This June the Royal Collection Trust will publish an illustrated children's story, written by Queen Victoria when she was just 10 years old. Local author Jacqueline Wilson is set to write the foreword, explains Charles Raspin
It was a lonely childhood for a young Alexandrina Victoria. Confined within the walls of Kensington Palace, she had few friends her own age, all of whom were subject to the ebb and flow of courtly politics. Even her own family could spend little time with her, focused on their own missions of diplomacy or governance.
It was Victoria's imagination that provided her with playmates. A devoted writer who faithfully kept a diary from her early teenage years, she produced a children's story of her own as part of an English composition exercise at age 10 (and, she carefully notes, 3/4s). Now, some 85 years after it was first written, the Royal Collection Trust will publish it.

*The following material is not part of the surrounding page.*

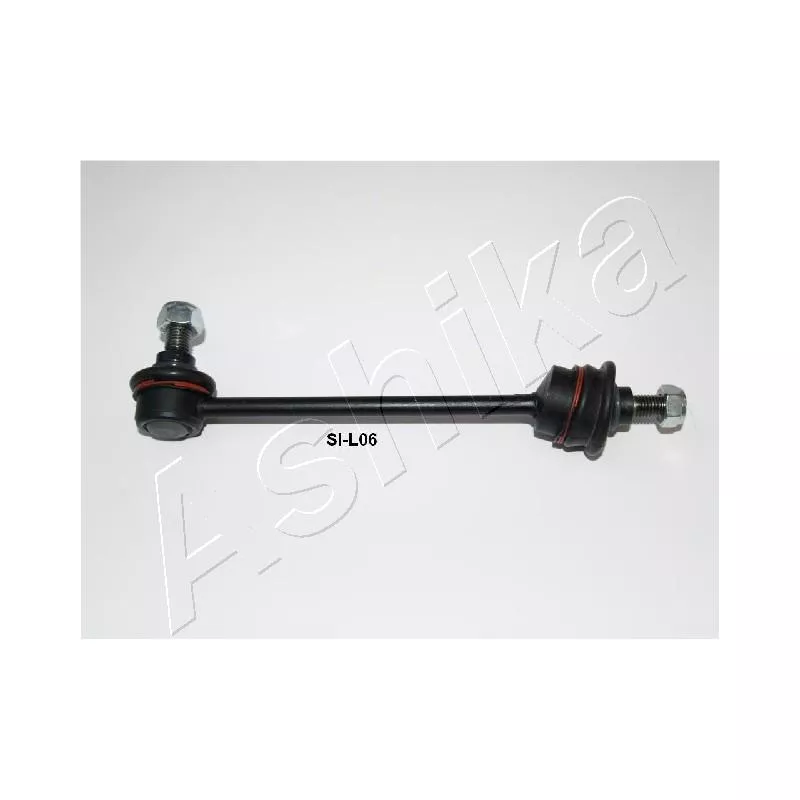 Stabilisateur, chassis ASHIKA 106-0L-L06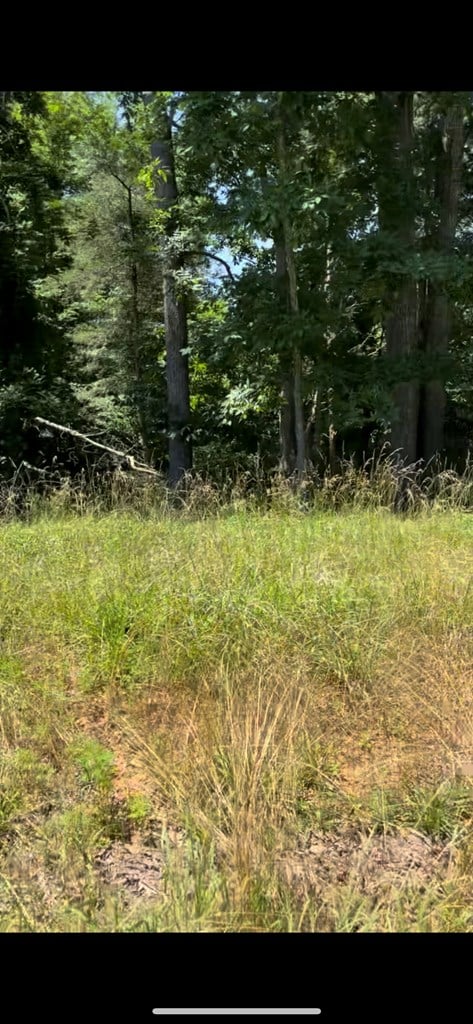 LOT8 Hidden River Rd, Rock Island, TN 38581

In The Adventures of Alice Laselles a lovely, lonely young girl is sent away to a boarding school by her wicked step-mother, only to discover friends of all sorts and a kind, wise headmistress.
It might be obvious wish-fulfilment - but that's what great children's stories are made of.
Prolific Surrey author Jacqueline Wilson certainly thinks so. She's written the foreword for the book, which is to be published June 8, where she calls the story "delightful".
"If Victoria hadn’t been destined to be Queen I think she might have made a remarkable novelist."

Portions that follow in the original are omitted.